Luego se realiza el sahumado. Esto consiste en mantener la paja toquilla en un lugar cerrado como una gran caja de madera. En la parte inferior se coloca un recipiente con azufre y carbón prendido para que el humo lentamente blanquee la fibra.
 
Mercedes Borbor aprendió a los 10 años a realizar este proceso junto a sus abuelos y padres. Hace tres años le enseñó este oficio a su esposo Joffre Pozo, quien tiene trabajo esporádico como zapatero. El 80 por ciento de la toquilla se vende en Sígsig, cantón azuayo, en donde se tejen sombreros finos de exportación. Un 20 por ciento se destina a Montecristi, en Manabí, a Colombia y Perú.
 
MÁS QUE FÚTBOL
 
Fausto Basilio aprendió el oficio a los siete años de sus padres. Pero su tiempo lo comparte con tareas agrícolas con el fin de tener ingresos complementarios. Él arrienda terrenos para sembrar tomate riñón, sandía, melón, limones y otros productos de ciclo corto.
 
Una de las historias que le narraron sus padres menciona que a inicios del siglo XX la actual parroquia de Manglaralto, a la que pertenece la comuna de Barcelona, era célebre por sus sombreros finos de paja toquilla y su puerto era el epicentro de las exportaciones de este tipo de trabajo artesanal.
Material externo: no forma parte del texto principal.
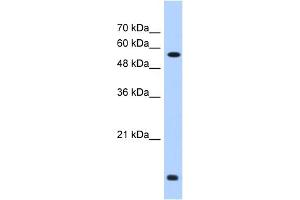 WB Suggested Anti-P4HB Antibody Titration:  0. (P4HB 抗体  (C-Term))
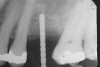 Figure 10 Initially, a 2-mm twist drill can be used to come within 1 mm of the subantral floor before using an osteotome to infracture the sinus floor.
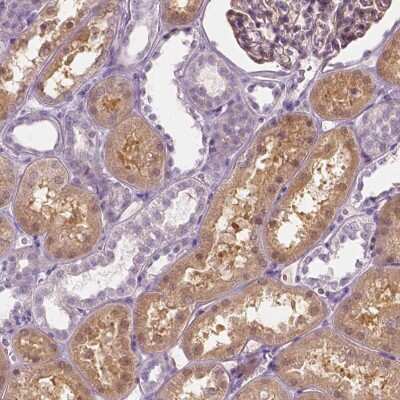 Immunohistochemistry-Paraffin: GALM Antibody [NBP2-38252]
Incluso, el nombre de toquilla proviene de las antiguas tocas o sombreros que se observan en las cerámicas de las culturas precolombinas de la Costa.
 
 
Otra de las historias se refiere al origen del nombre de Barcelona. Basilio descarta que sea por el equipo de fútbol guayaquileño. Quien lo bautizó fue el sacerdote español Luis Fornel, párroco de Manglaralto, ya que encontró similitud de sabor entre el agua de un pequeño riachuelo ubicado cerca de la comuna con el que había en su natal Barcelona. De esa forma, el religioso sugirió esa nueva designación en vez de Pasaje.
 
En este poblado también se respira fútbol y no solo a favor de un equipo. Francisco Prudente cuenta que la algarabía se apodera cuando juegan Emelec y Barcelona en el campeonato de la comuna.
 
A TEJER
 
Fausto Basilio afirma que solo pocas personas tienen habilidades para tejer los sombreros. Por eso, sus ingresos son limitados. Por 14 tallos de toquilla reciben un dólar y con eso se elabora un sombrero fino de exportación, que en varios casos superan los 100 dólares.
 
En respuesta a esa necesidad, hace ocho años, Selena Pozo, junto a 28 compañeras, retomaron la actividad del tejido. Ese oficio se estaba perdiendo y lograron aprender las habilidades de los últimos artesanos.
 
“Nos enseñaron los ancianitos todo lo que sabían”, resalta Pozo. Sin embargo, con resignación añade: “Mi abuela contaba que ellos tejían el nombre en el sombrero. Ese conocimiento no nos dejaron”.
 
 
Ellas formaron la Asociación de Mujeres El Paraíso de las Artesanías. En las tardes se reúnen para elaborar los sombreros rústicos, calados, tupidos y los de agua. Sus precios varían entre ocho y 20 dólares. El más costoso es el que consideran tejido fino.
 
Pero ellas tienen una limitante. No tienen los equipos para realizar los acabados del sombrero como el planchado. Eso lo hacen en el Azuay. La ventaja que tienen, afirma Pozo, es la posibilidad de elegir la materia prima para sus productos.
 
Las socias también se juntan para venderlos en el almacén que tienen en Barcelona y en la playa. Además elaboran joyeros, servilleteros y llaveros. El resto del tiempo lo dedican para sus actividades en sus hogares.
 
Esta comuna tiene puesta su mirada en la toquilla. Ellos saben que la fama del sombrero ecuatoriano les llegará algún día. Mientras tanto, suben al monte a mirar el mar y de paso a cosechar la palma.